Location
- Cannington, Perth, Western Australia Australia 32°00′51″S 115°56′13″E﻿ / ﻿32.01410°S 115.93708°E

Information
- Type: Public co-educational primary and high school
- Motto: Advance Together
- Established: 2001; 25 years ago
- Educational authority: WA Department of Education
- Principal: Jo Stephens
- Years: Kindergarten–Year 10
- Enrolment: 829 (2023)
- Campus: Suburban
- Website: canningtoncc.wa.edu.au

= Cannington Community College =

Cannington Community College is a public co-educational primary and high school, located on Wharf Street in Cannington, a suburb of Perth, Western Australia.

== Overview ==
The school was initially established in 2001 and caters for students from Kindergarten to Year 10. The school's creation was a result of government restructuring education facilities in the south east metropolitan corridor. Two new middle schools, Cannington Community College and Yule Brook College, were opened in 2000 and 2001 respectively. A new senior campus, Sevenoaks Senior College for Year 11 and 12 was also opened on the old Cannington Senior High School site.

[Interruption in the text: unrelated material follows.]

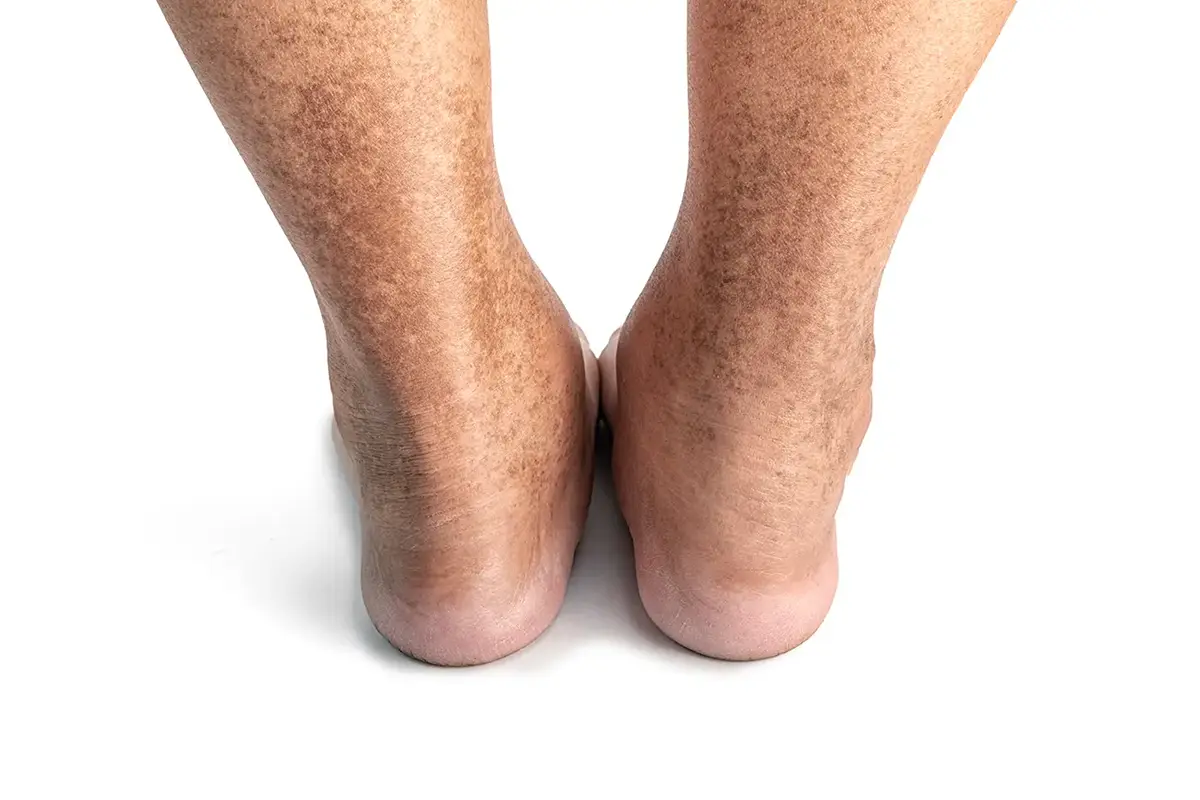 closeup skin at legs show mottled skin caused by diabetes closeup skin at legs show mottled skin caused by diabetes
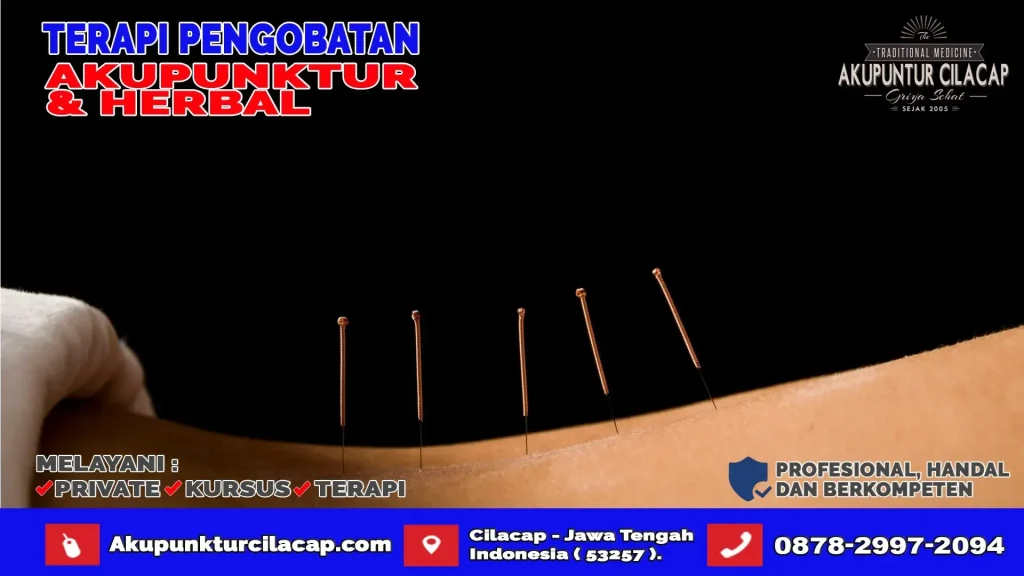 Terapi Akupuntur di Karangpucung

The school itself was formed from an amalgamation of Cannington Primary School and the lower secondary component of Cannington Senior High School.

The school draws students for the surrounding Primary schools; Gibbs Street, Queens Park and Beckenham.

In 2013 a fire burned through six classrooms in one of the main school buildings, two of the rooms will have to be demolished. The classrooms were used for children in Years one to four and the fire required 40 fire fighters to bring it under control.